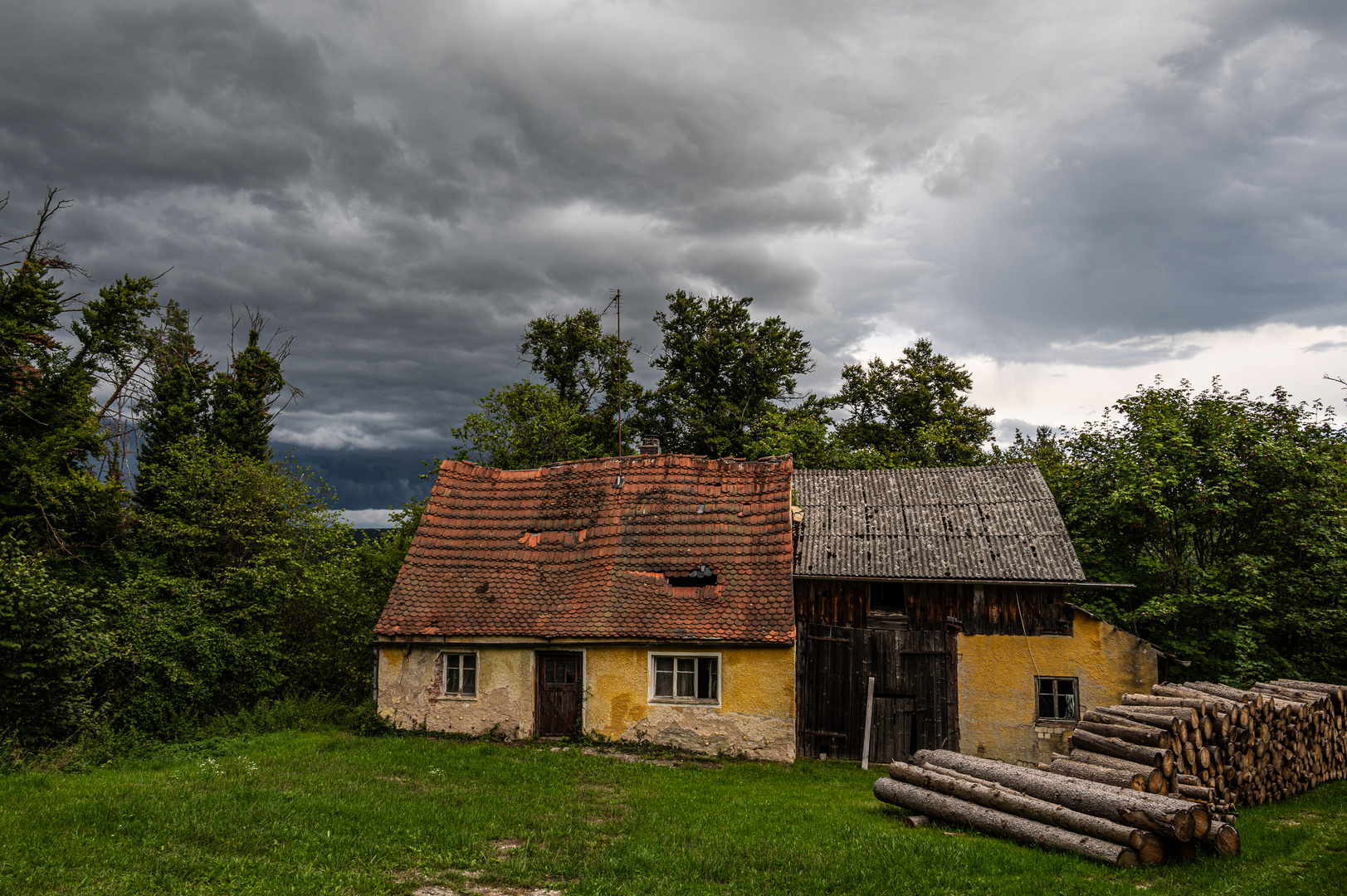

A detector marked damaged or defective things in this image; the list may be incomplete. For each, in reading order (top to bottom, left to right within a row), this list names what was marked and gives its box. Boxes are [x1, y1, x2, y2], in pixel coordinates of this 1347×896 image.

peeling plaster wall [374, 638, 792, 759]
peeling plaster wall [959, 603, 1158, 765]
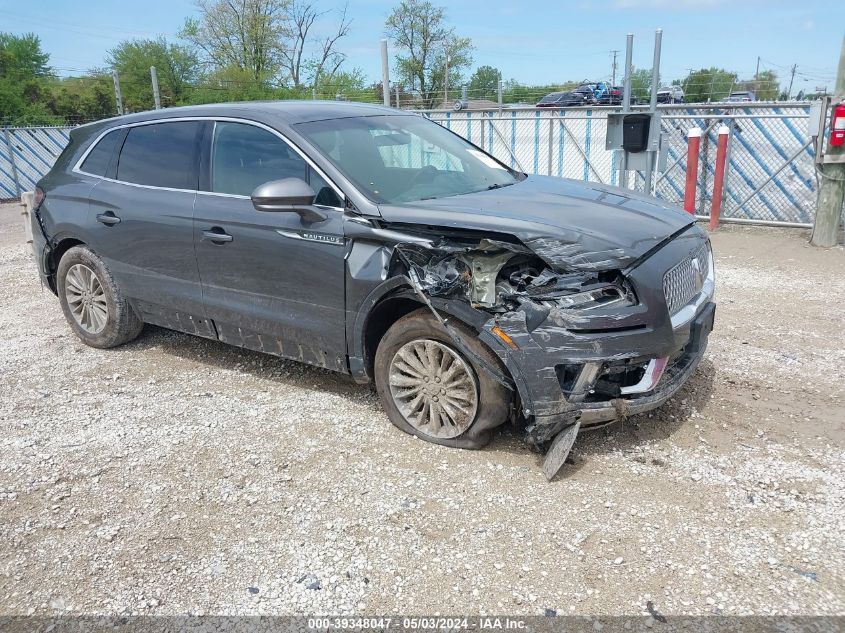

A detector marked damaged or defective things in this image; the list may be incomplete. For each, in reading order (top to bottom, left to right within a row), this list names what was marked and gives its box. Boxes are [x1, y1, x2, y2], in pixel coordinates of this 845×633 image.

crushed hood [380, 174, 696, 270]
severe front-end damage [346, 183, 716, 478]
broken headlight [536, 286, 632, 310]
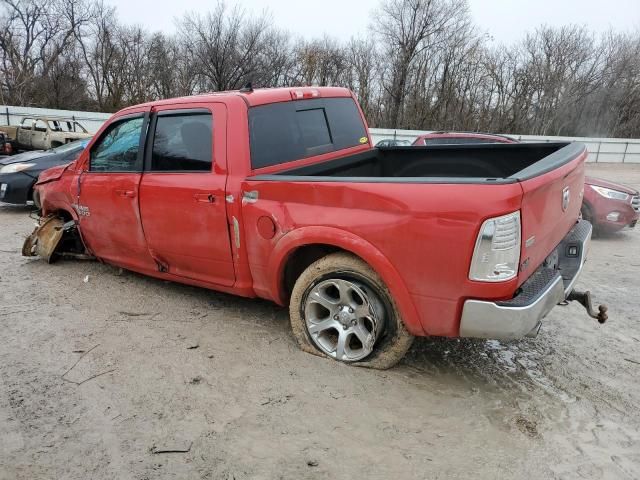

==================================================

(DIRECTIONS FOR THIS TASK): Output, exactly and only, the lines beginning with the one that contains "this 845×633 image." and ending at the last line of the records above. Drop the pictures.

(RESPONSE BOX):
A detector marked damaged or defective things in this image; the list may be incomplete. For each, in reading order (top to bottom, left to right within a row), this list names what was marked and gives its box. Boxes are [x1, y1, x2, y2], in pixel coordinates of this 845×633 image.

crushed hood [380, 174, 696, 270]
severe front-end damage [346, 183, 716, 478]
broken headlight [536, 286, 632, 310]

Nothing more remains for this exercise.